Regressive Steuern und Rent-Seeking stehen als Instrumente, die der Umverteilung von unten nach oben, insbesondere nach ganz oben dienen, im Zentrum der Entwicklung, die zu dem krassen Auseinanderdriften der Vermögensverhältnisse führte, das wir heute in den USA beobachten. Allgemeinere Kräfte sind für zwei andere Aspekte der Ungleichheit – das Aushöhlen der Mittelschicht und die Zunahme der Armut – mitverantwortlich. Rechtsnormen zur Unternehmensführung beeinflussen die Verhaltensnormen, die für die Führungskräfte dieser Unternehmen ausschlaggebend sind, und legen fest, wie Erträge zwischen dem Topmanagement und anderen Anspruchsgruppen (Arbeitnehmern, Aktionären und Anleihegläubigern) aufgeteilt werden.
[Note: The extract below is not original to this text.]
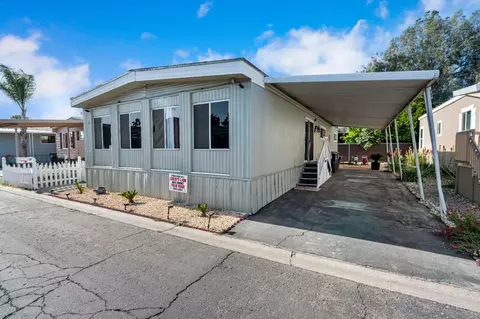 26814 S Mooney Blvd #B34, Visalia, CA 93277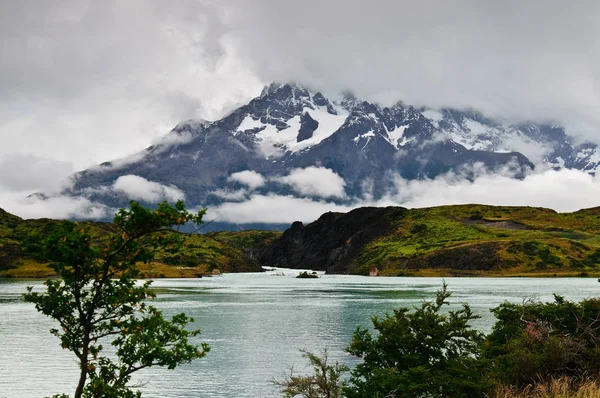 チリのパタゴニア地方にあるトーレス ペイン国立公園は その高い山で知られています — ストック写真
Makroökonomische Strategien bestimmen, ob die Lage am Arbeitsmarkt angespannt ist oder nicht, wie hoch folglich die Arbeitslosigkeit ist und wie die Marktkräfte wirken, um den Ertragsanteil der Arbeitnehmer zu verändern. Wenn die Währungsbehörden durch ihre Politik die Arbeitslosigkeit hoch halten (und sei es aus Inflationsangst), dann werden die Löhne nur gering steigen. Starke Gewerkschaften haben dazu beigetragen, Disparitäten in der Einkommensverteilung auszugleichen, schwächere Gewerkschaften dagegen machen es Topmanagern, die sich dabei manchmal mit Marktkräften verbünden, die sie selbst maßgeblich gestalten, leicht, die Ungleichheit zu verschärfen. Bei diesen Fragen – der Macht der Gewerkschaften, der Effektivität der Corporate Governance und der Geldpolitik – sind politische Weichenstellungen entscheidend.
Noch einmal: Selbstverständlich spielen auch Marktkräfte eine entscheidende Rolle, wenn etwa Veränderungen in Technologie und Bildung sich auf Angebot und Nachfrage auf dem Facharbeitsmarkt auswirken, selbst wenn diese Kräfte teilweise durch die Politik geprägt werden. Doch anstatt dass sich diese Marktkräfte und die Politik gegenseitig austarieren, der politische Prozess also in Zeiten, in denen die Marktkräfte Disparitäten womöglich verschärfen, lindernd wirkt und die Regierung die Exzesse des Marktes zügelt, haben die beiden im heutigen Amerika zusammengearbeitet, um Einkommens- und Vermögensdisparitäten noch zu steigern.